Stef Will

Stef Will

• 26 November 2021

Welcome to the dungeon

Last week, I spent another day in the printmaking studios at Uni. While many artists hate the dirty mess of printmaking, it turns out that I really love it. Admittedly, for anybody who knows me that must sound rather unlikely, given my preference for tidy, uncluttered, minimalist spaces and my dislike for dirty objects and situations. For example, yesterday I quietly recoiled when somebody passed me their phone and on touching the screen, I felt palpable grime (if you read this and it was you, sorry, no offence, I love you!). And more than 15 years later, I still shudder remembering the ‘dirty play area’ in my oldest son’s day nursery (water, sand, mud, paint, you name it…). He must have been 3 or 4 years old at the time and absolutely revelled in it. For my part, I found it hard to watch without giving in to the insistent urge to interfere by wiping his hands or face … or shoes or hair or clothes (at the same time silently thanking the universe for the opportunity for him to explore this at nursery, rather than at home…).
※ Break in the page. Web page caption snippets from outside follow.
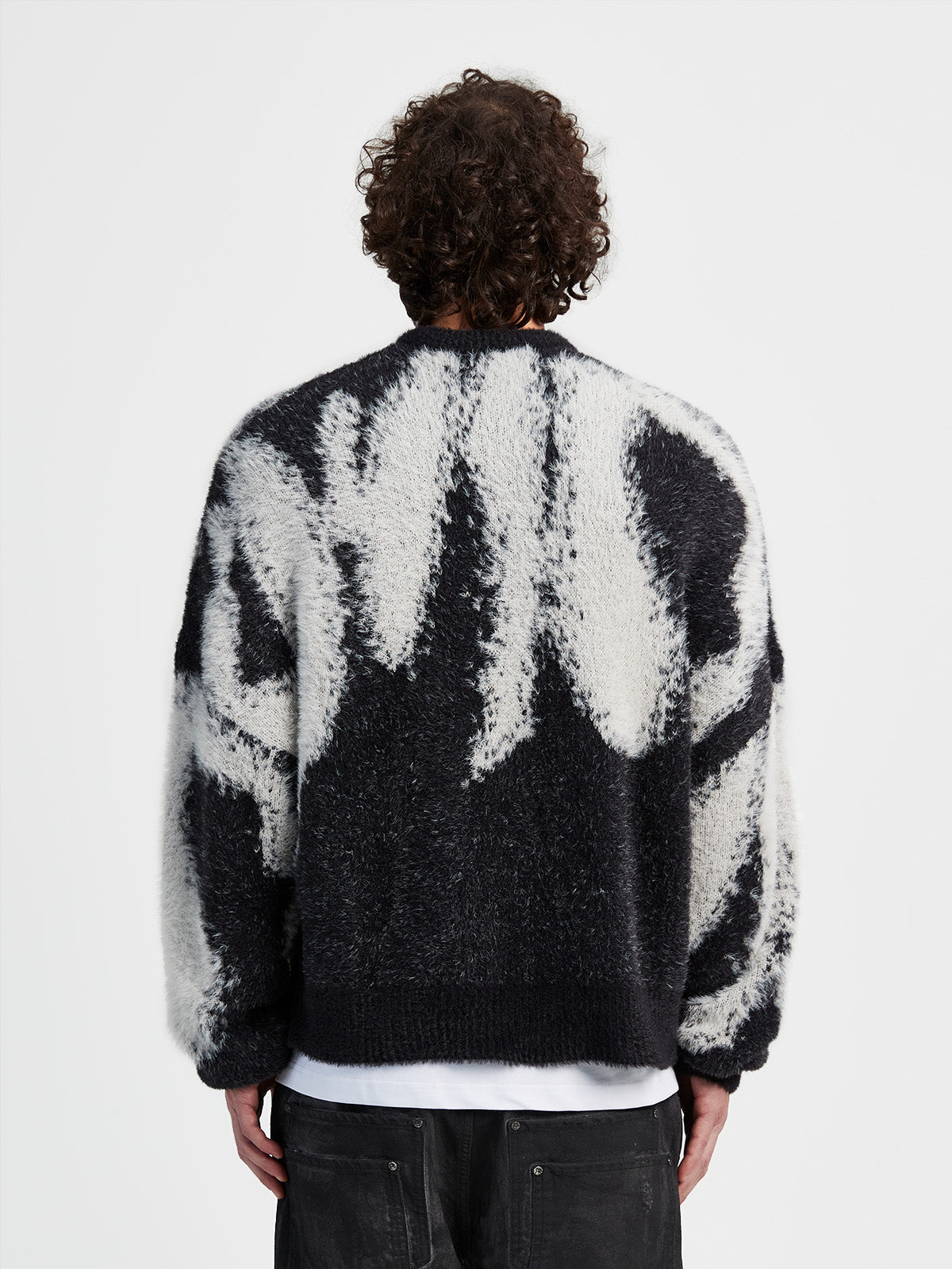 FADED FURRY SWEATER - BLACK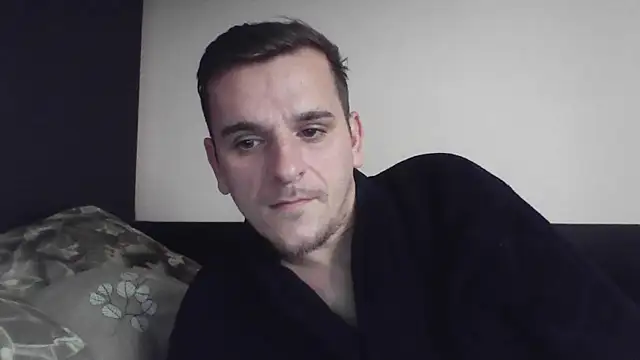 Snapshot of Huge_cock22cm chatting on 01.17.25 Huge cock22cm online show from 01.17.25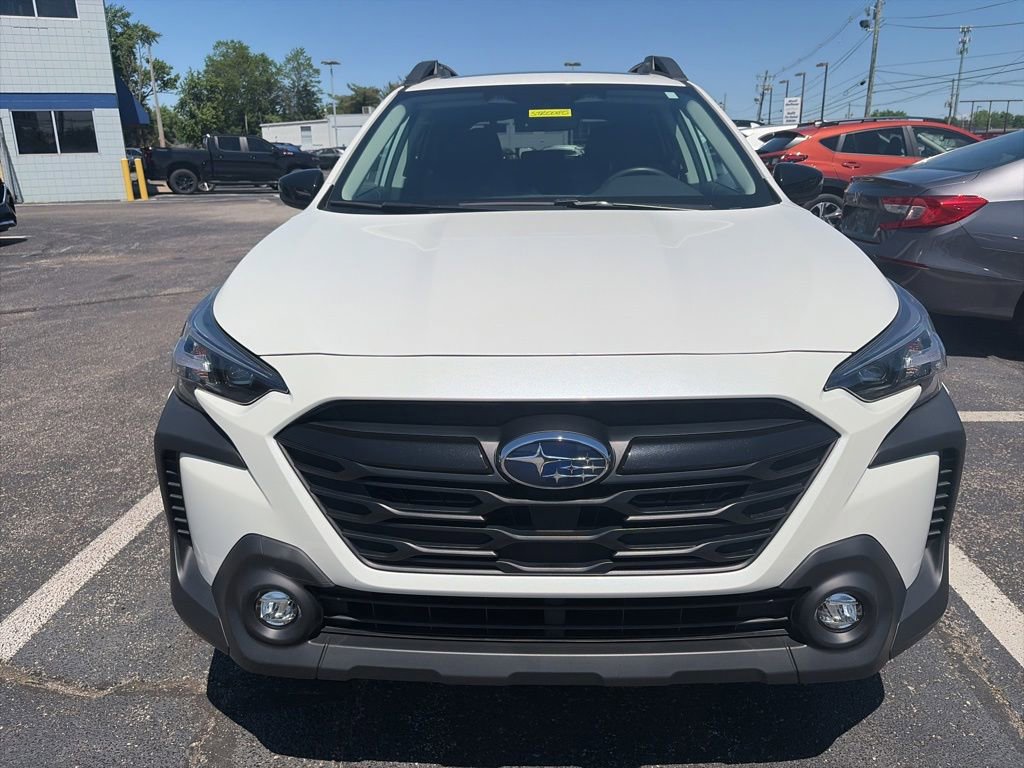 Used 2023 Subaru Outback Onyx Edition AWD/4WD image 2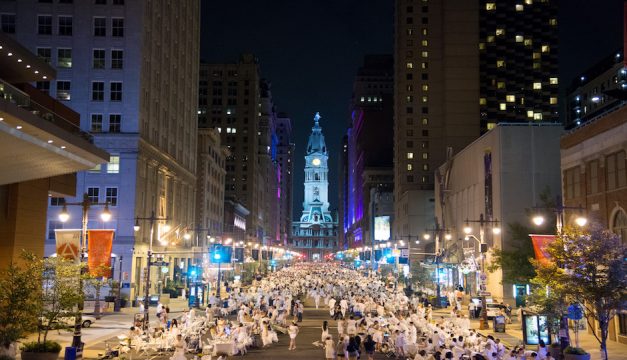 Diner en Blanc Philadelphia 2014. Photo by Johanna Austin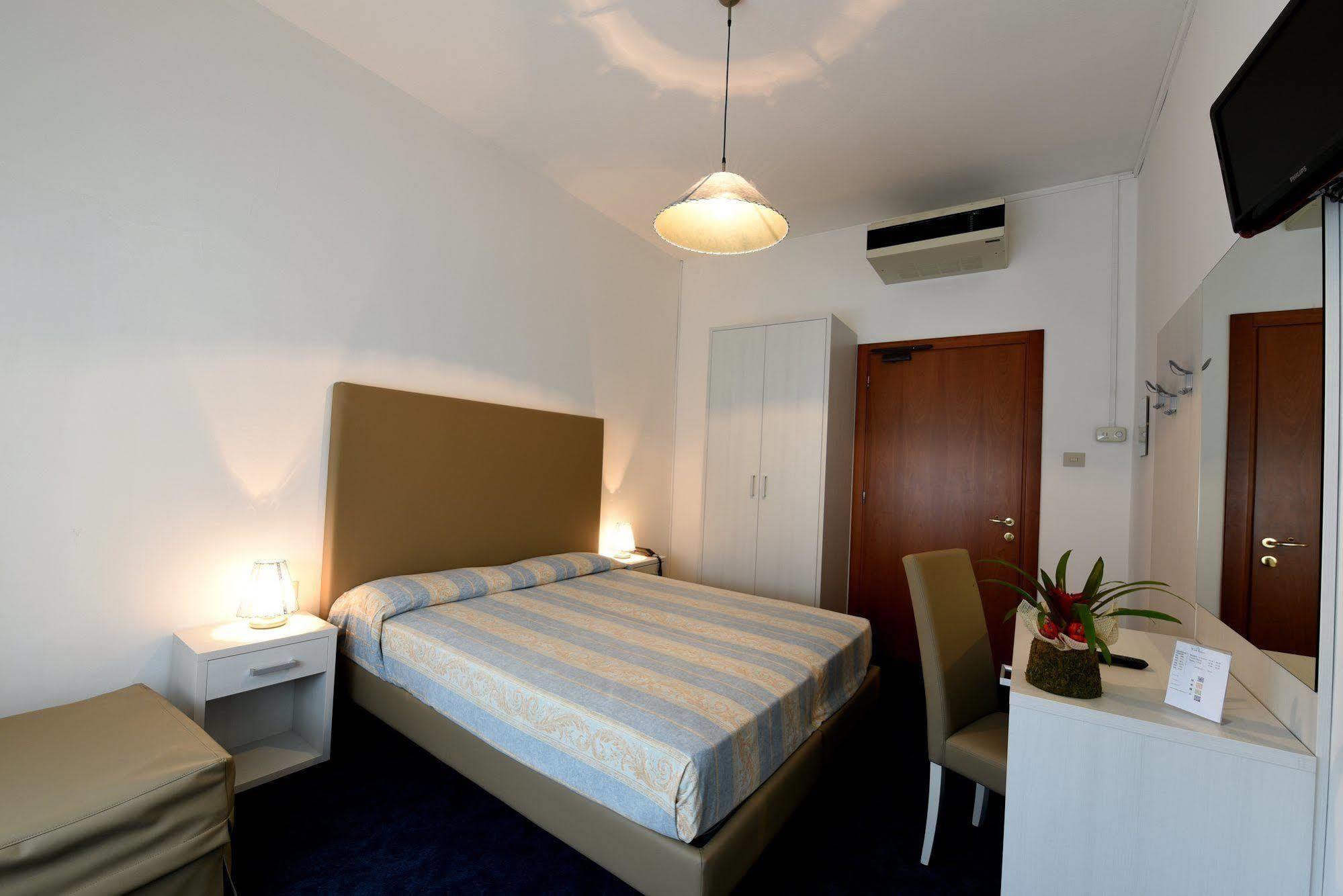 Hotel Savoia Lido di Jesolo Esterno foto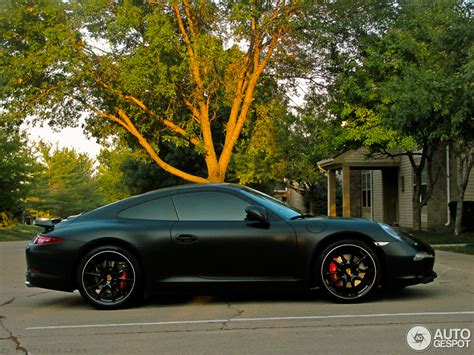 New Porsche 911 Carrera S Shows Off Its Curves In Matte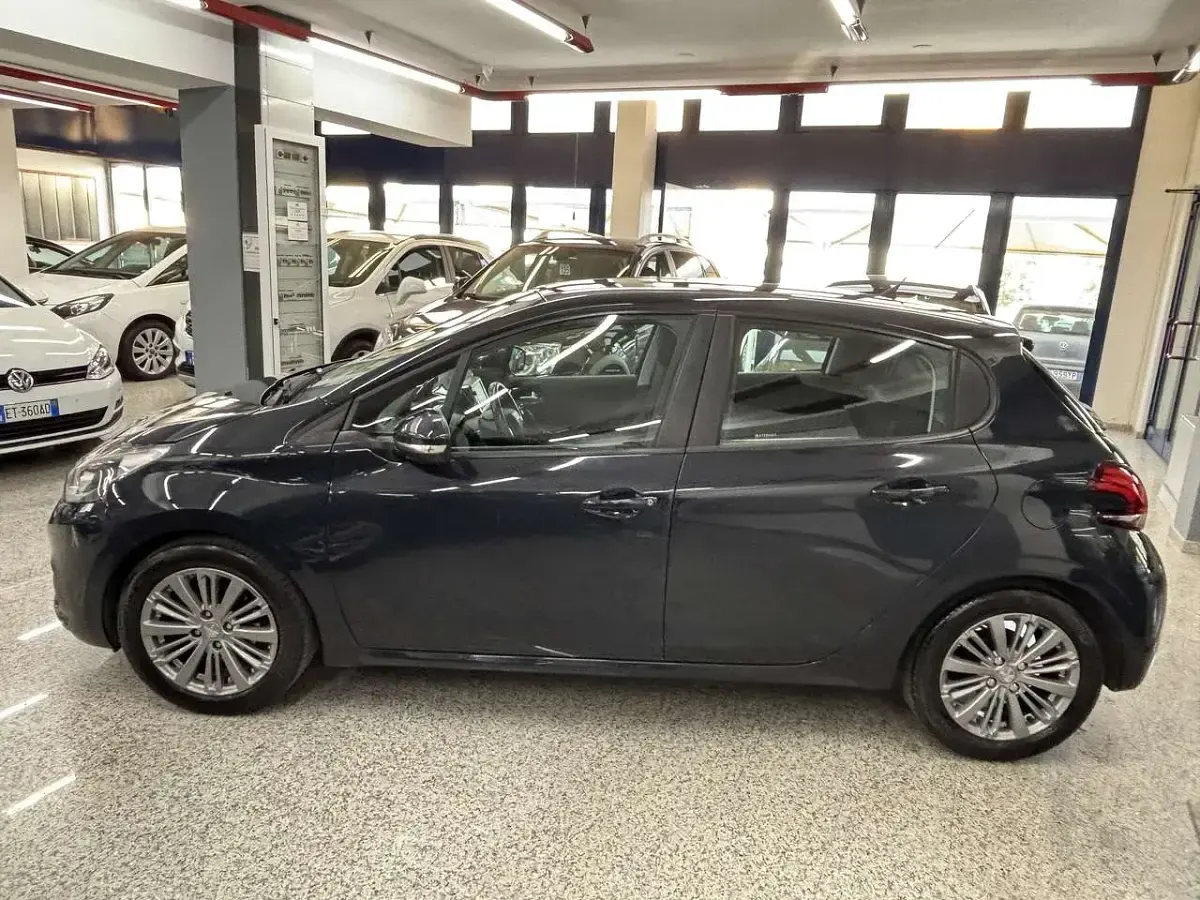 Usata Peugeot 208 Active 82 CV (60 kW) 2017 Grigio Utilitaria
And printmaking certainly is not a neat, clean, controlled art activity like, say small-scale drawing. It’s an intense experience, all-encompassing, challenging, unclean and sweeping. You can’t just pause, because your telephone rings, and decide to continue tomorrow – you will most likely spend the whole day in printmaking ‘camp’. You need to go all in – or go home.

One inevitably ends up sweaty, wet, exhausted, and covered in paint, from permanent speckles of colour in clothing – even underneath the apron (one of my summer dresses now has a hug red stain in the right groin area that looks like I had a feminine hygiene accident…) to paint under the fingernails that takes days of repeated handwashing to gradually come off. The printmaking process is also very physical, from pressure-cleaning screens in grubby wet-rooms to carrying buckets of water back and forth, endlessly lifting and lowering huge panels, dragging around oversized squeegees covered in paint, and of course cleaning, cleaning and cleaning again. All this, taken together with the fact that some of the printmaking rooms must by nature be window-less darkrooms (in order to avoid accidentally exposing the light-sensitively covered screens prematurely), makes a potent experience and environment. Welcome to the printmaking dungeons.

At the same time, one needs to be concentrated, meticulous and precise at all times. Because after a day of focussed work in filthy vaults, one expects to end up with clean, crisp prints on flawless snow-white paper. Like a phoenix rising from the ashes – it’s magic.